> [Assignment]: Before writing out the records, remove the pictures; keep everything else exact.

> [Provided records]:
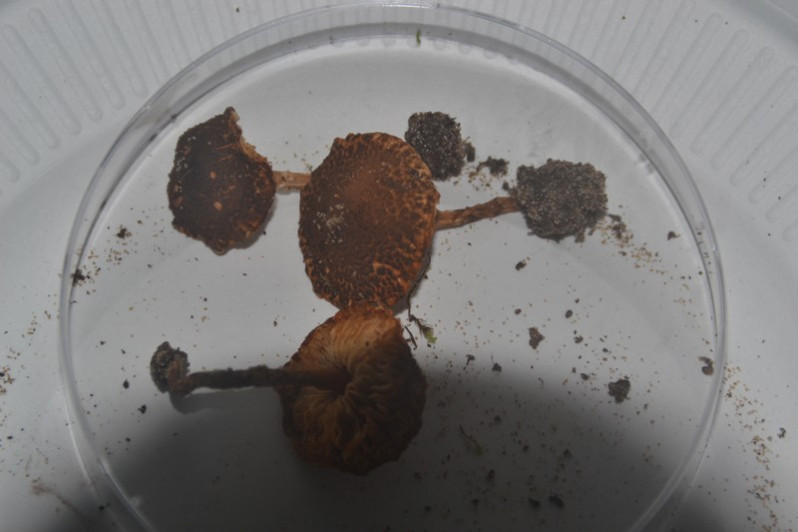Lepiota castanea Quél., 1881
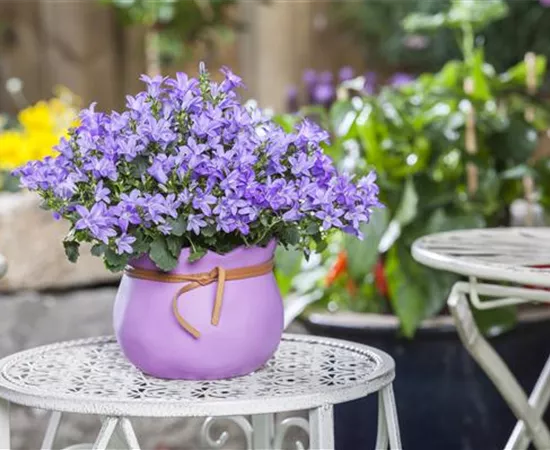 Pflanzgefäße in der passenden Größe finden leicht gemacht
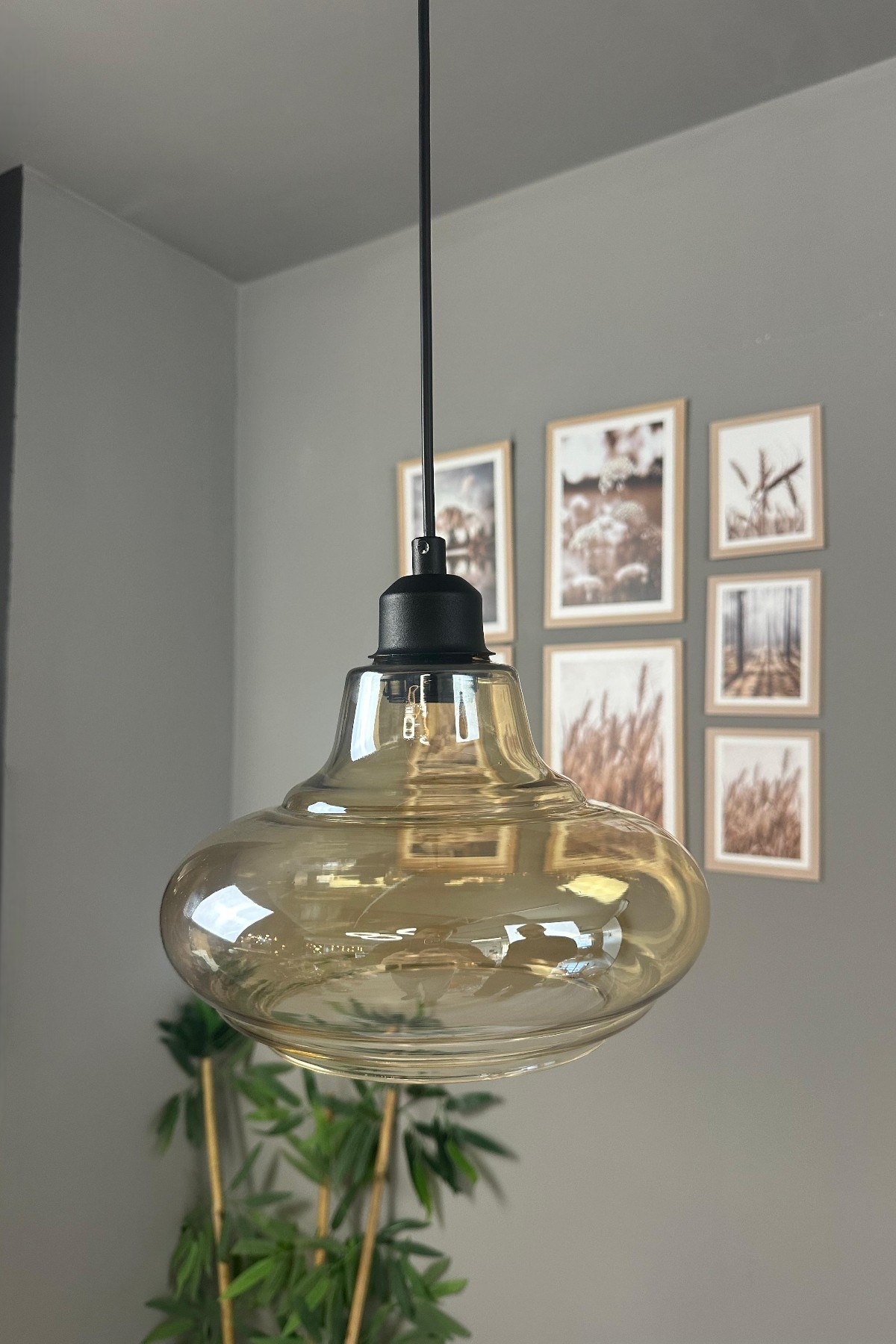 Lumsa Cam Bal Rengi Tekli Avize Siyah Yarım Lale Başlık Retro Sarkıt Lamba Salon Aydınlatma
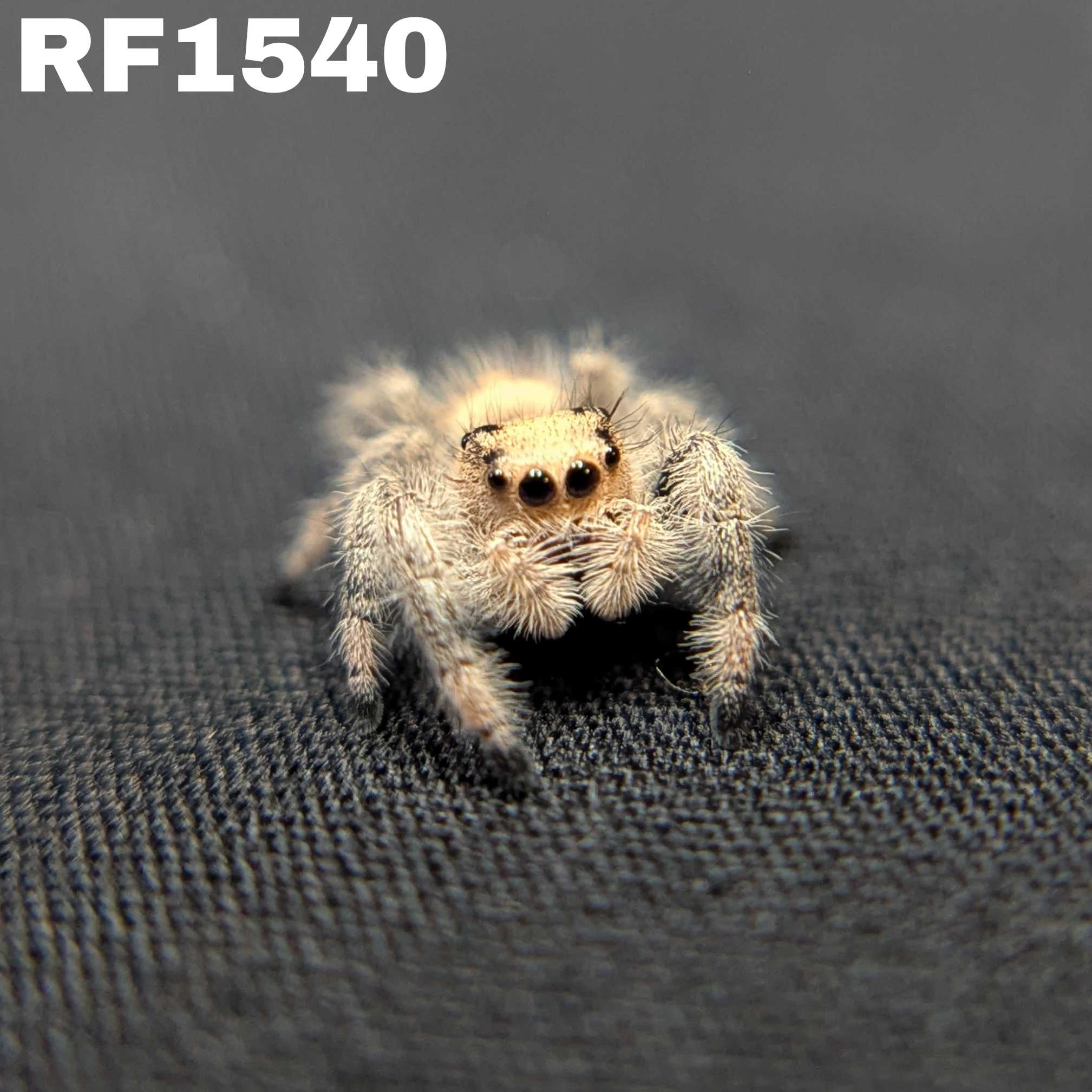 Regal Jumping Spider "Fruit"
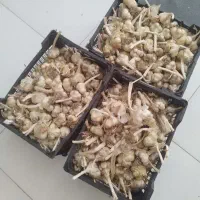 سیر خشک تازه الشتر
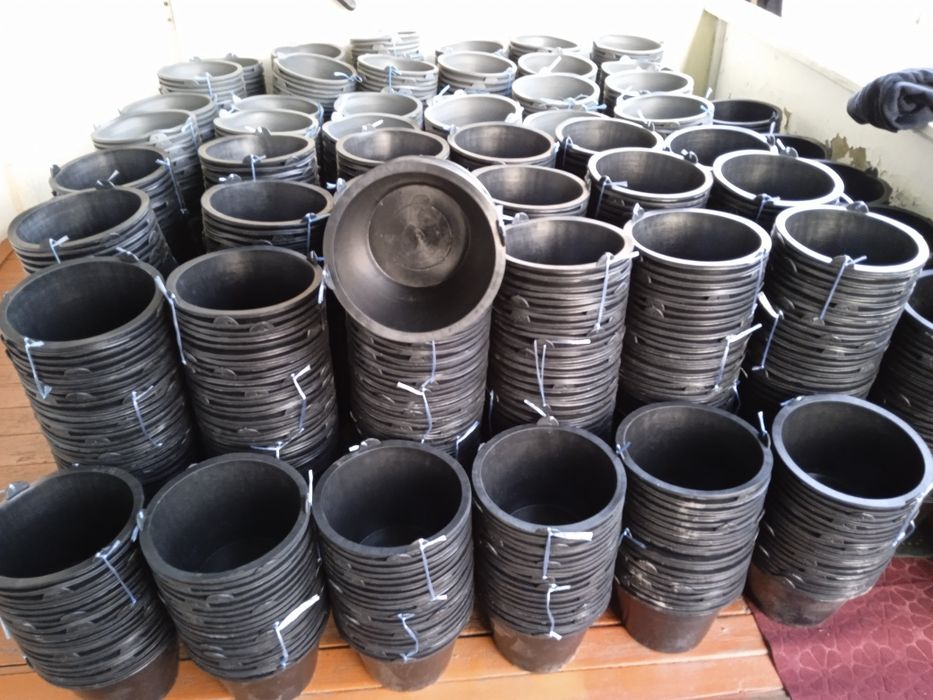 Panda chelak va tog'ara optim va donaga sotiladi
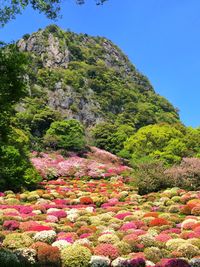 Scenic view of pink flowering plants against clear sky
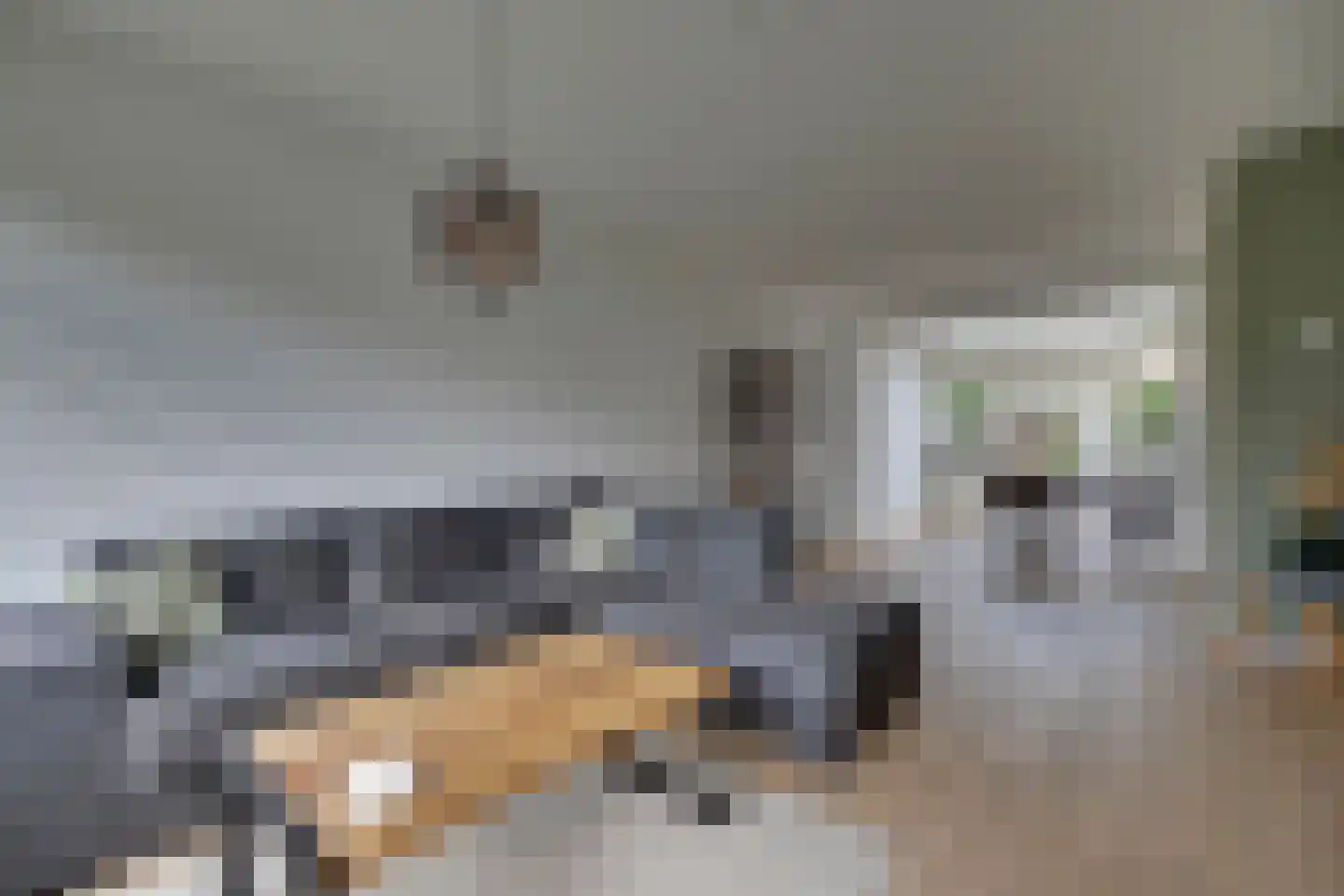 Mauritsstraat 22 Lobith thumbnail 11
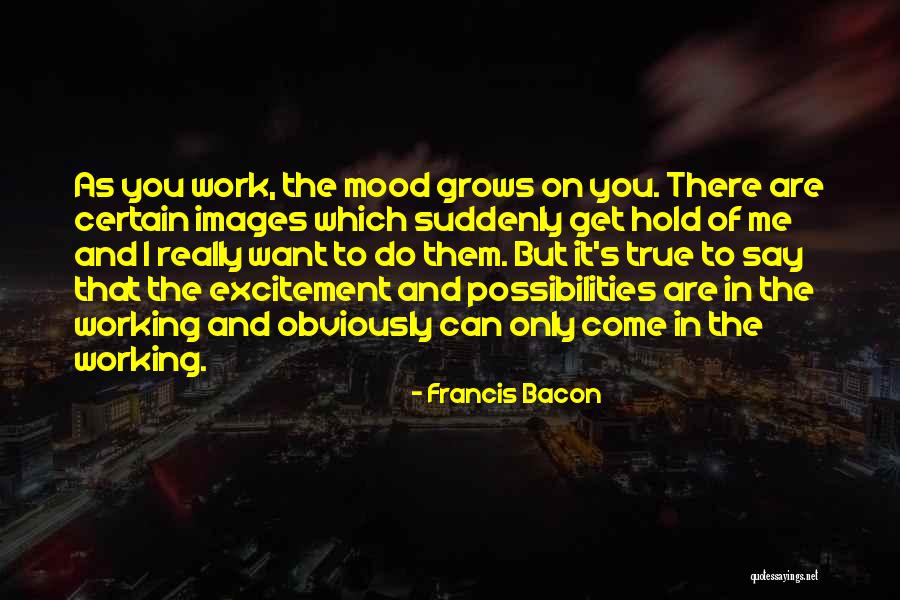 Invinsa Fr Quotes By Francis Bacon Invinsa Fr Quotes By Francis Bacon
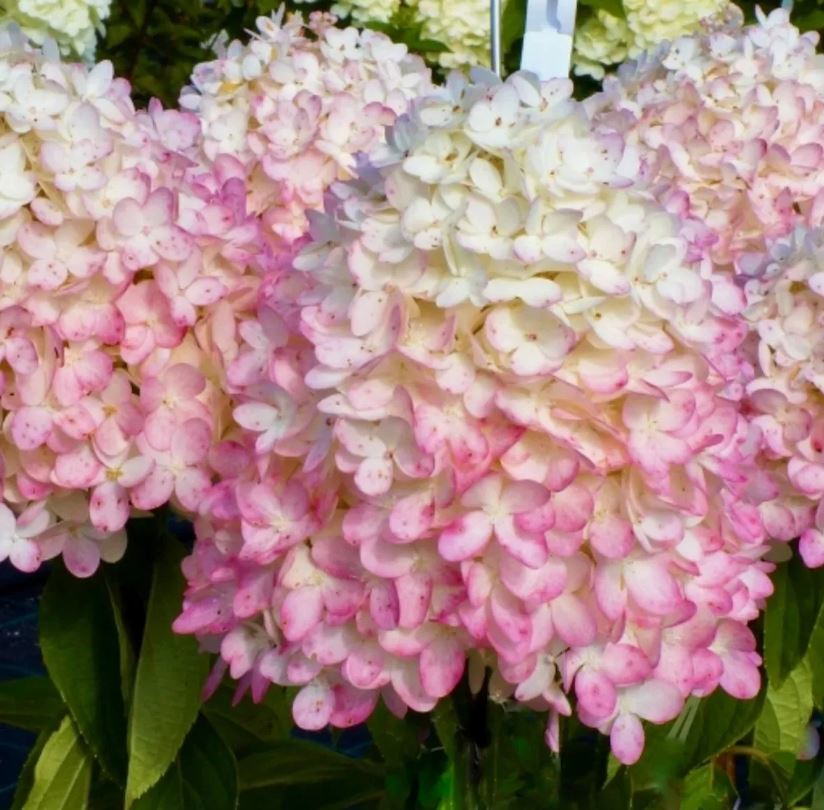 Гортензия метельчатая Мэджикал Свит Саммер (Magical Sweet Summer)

> [Answer to the problem]:
Lepiota castanea Quél., 1881
 Pflanzgefäße in der passenden Größe finden leicht gemacht
 Lumsa Cam Bal Rengi Tekli Avize Siyah Yarım Lale Başlık Retro Sarkıt Lamba Salon Aydınlatma
 Regal Jumping Spider "Fruit"
 سیر خشک تازه الشتر
 Panda chelak va tog'ara optim va donaga sotiladi
 Scenic view of pink flowering plants against clear sky
 Mauritsstraat 22 Lobith thumbnail 11
 Invinsa Fr Quotes By Francis Bacon Invinsa Fr Quotes By Francis Bacon
 Гортензия метельчатая Мэджикал Свит Саммер (Magical Sweet Summer)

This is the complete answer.